The flow of fluids through the production and annulus bores is governed by various valves shown in the schematic arrangements of FIGS. 9 and 10. The production bore 1 has a branch 10 which is closed by a production wing valve PWV. A production swab valve PSV closes the production bore 1 above the branch 10, and a production master valve PMV closes the production bore 1 below the branch 10.

The annulus bore 2 is closed by an annulus master valve AMV below an annulus outlet controlled by an annulus wing valve AWV. An annulus swab valve ASV closes the upper end of the annulus bore 2.

All valves in the tree are typically hydraulically controlled by means of hydraulic control channels passing through the cap and the body of the apparatus or via hoses as required, in response to signals generated from the surface or from an intervention vessel.

When production fluids are to be recovered from the production bore 1, PMV is opened, PSV is closed, and PWV is opened to open the branch 10 which leads to a production flowline or pipeline 20. PSV and ASV are generally only opened if intervention is required.
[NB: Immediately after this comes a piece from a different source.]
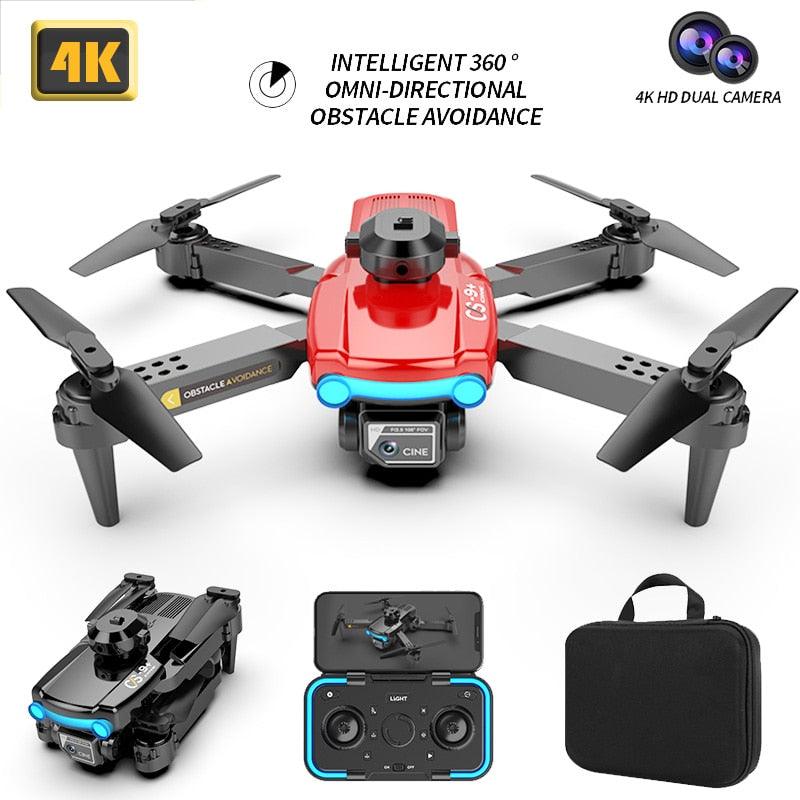 CS9 Drone - 4K Dual Optical Flow Drone WIFI FPV 2.4GHz Height Keeping Obstacle Avoidance Four Axis Foldable RC Quadcopter Aircraft Toy 2 CS9 Drone - 4K Dual Optical Flow Drone WIFI FPV 2.4GHz Height Keeping Obstacle Avoidance Four Axis Foldable RC Quadcopter Aircraft Toy - Image 2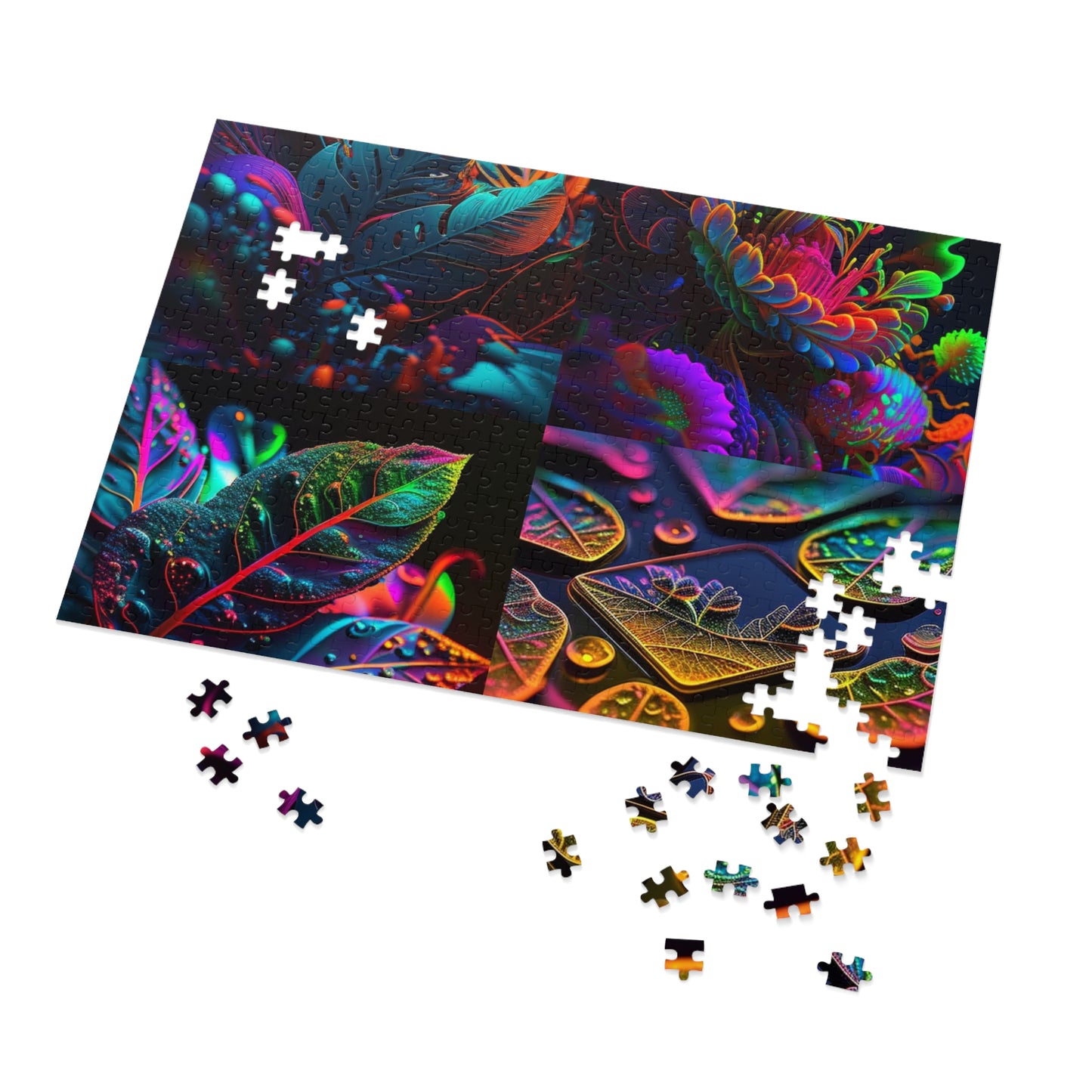 Jigsaw Puzzle (30, 110, 252, 500,1000-Piece) Macro Florescent 5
The wing branch 10 has a choke body 15a in which a production choke 16 is disposed, to control the flow of fluids through the choke body and out through production flowline 20.

The manifold on the production bore 1 typically comprises a first plate 25a and a second plate 25b spaced apart in vertical relationship to one another by support posts 14a, so that the second plate 25b is supported by the posts 14a directly above the first plate 25a. The space between the first plate 25a and the second plate 25b is occupied by the fluid conduits of the wing branch 10, and by the choke body 15a. The choke body 15a is usually mounted on the first plate 25a, and above it, the second plate 25b will usually have a cut-out section to facilitate access to the choke 16 in use.

The first plate 25a and the second plate 25b each have central apertures that are axially aligned with one another and with the production bore 1 for allowing passage of the central mandrel 5 of the wellbore, which protrudes between the plates 25 and extends through the upper surface of the second plate to permit access to the wellbore from above the wellhead for intervention purposes. The upper end of the central mandrel is optionally capped with the tree cap or a debris cover (removed in drawings) to seal off the wellbore in normal operation.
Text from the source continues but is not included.